There are a couple ways you can reduce it further than six bits per card. First, enumerate your cards with a system like the other answers mentioned, like:

import itertools

suits = ['Hearts','Diamonds','Spades','Clubs']
ranks = ['Ace','Two','Three','Four','Five','Six','Seven','Eight','Nine','Ten','Jack','Queen','King']
cards = list(itertools.product(ranks, suits))

Any card is now representable as an index into the cards list, which requires enough bits to store a value in the range 0 to len(cards), calculable like:

from math import ceil, log2

def bits_for_index(sequence):
    return ceil(log2(len(sequence)))

So, bits_for_index(cards) returns 6.

But you can observe that for an ordering of the deck, after you choose each card, there is one less possibility for the next card (e.g., no shuffle will contain the Ace of Hearts twice). If you generate a shuffle by selecting a card from your ordering, deleting that card from your list of cards, then choosing the next from the remaining cards, the value of bits_for_index(cards) will eventually go down from 6 to 5, then 4, 3, 2, and 1.

The total number of bits required for this technique is calculated by sum(map(ceil, map(log2, range(52, 1, -1)))), which ends up being 249. You can print a shuffle and its binary representation with something like the following:

from random import randrange

def ordering(sequence):
    sequence = sequence[:]
    value = 0
    while sequence:
        index = randrange(len(sequence))
        print(sequence.pop(index))
        if sequence:
            value += index
            value <<= bits_for_index(sequence)
    return value

ordering_compressed = ordering(cards)
binary_representation = '{:0249b}'.format(ordering_compressed)
print('Compressed to', len(binary_representation), 'bits:', binary_representation)

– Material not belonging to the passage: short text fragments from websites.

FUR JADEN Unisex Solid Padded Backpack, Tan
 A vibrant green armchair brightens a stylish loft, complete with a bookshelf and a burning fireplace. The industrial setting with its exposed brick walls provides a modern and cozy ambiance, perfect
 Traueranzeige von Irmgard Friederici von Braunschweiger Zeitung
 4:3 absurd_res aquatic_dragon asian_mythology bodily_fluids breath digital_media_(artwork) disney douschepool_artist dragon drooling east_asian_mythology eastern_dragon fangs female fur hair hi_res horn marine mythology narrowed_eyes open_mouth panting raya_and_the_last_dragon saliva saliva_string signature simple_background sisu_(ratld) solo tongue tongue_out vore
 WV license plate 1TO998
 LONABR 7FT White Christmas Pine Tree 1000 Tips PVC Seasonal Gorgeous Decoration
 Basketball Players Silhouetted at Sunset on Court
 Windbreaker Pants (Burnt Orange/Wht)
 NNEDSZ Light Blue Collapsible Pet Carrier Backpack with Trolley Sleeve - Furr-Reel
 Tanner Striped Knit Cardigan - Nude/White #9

To extract the ordering, you'd reverse the process, masking and shifting one bit, then two, then two, then three, and so on, until you have a list of indexes into the total cards list:

def extract_ordering(value, sequence):
    indexes = [0]
    while value:
        indexes.append(0)
        bits = bits_for_index(indexes)
        indexes[-1] = value & ((1 << bits) - 1)
        value >>= bits
    padded = [0] * (len(sequence) - len(indexes))
    indexes.extend(padded)
    sequence = sequence[:]
    for idx in reversed(indexes):
        print(sequence.pop(idx))

Also, you could compress a deck of cards further by enumerating all possible orderings and choosing one, which would require ceil(log2(factorial(len(cards)))) or 226 bits:

def ordering(sequence):
    return randrange(factorial(len(sequence)))

def extract_ordering(value, sequence):
    indexes = []
    digit = 1
    while value:
        indexes.append(value % digit)
        value //= digit
        digit += 1
    sequence = sequence[:]
    while indexes:
        print(sequence.pop(indexes.pop()))
    if sequence:
        print(*sequence, sep='\n')

This solution doesn't have quite so tidy a relationship between the bits in the ordering and each individual card, though. And it likely doesn't port quite so easily to languages without universal Big Integer support in their libraries.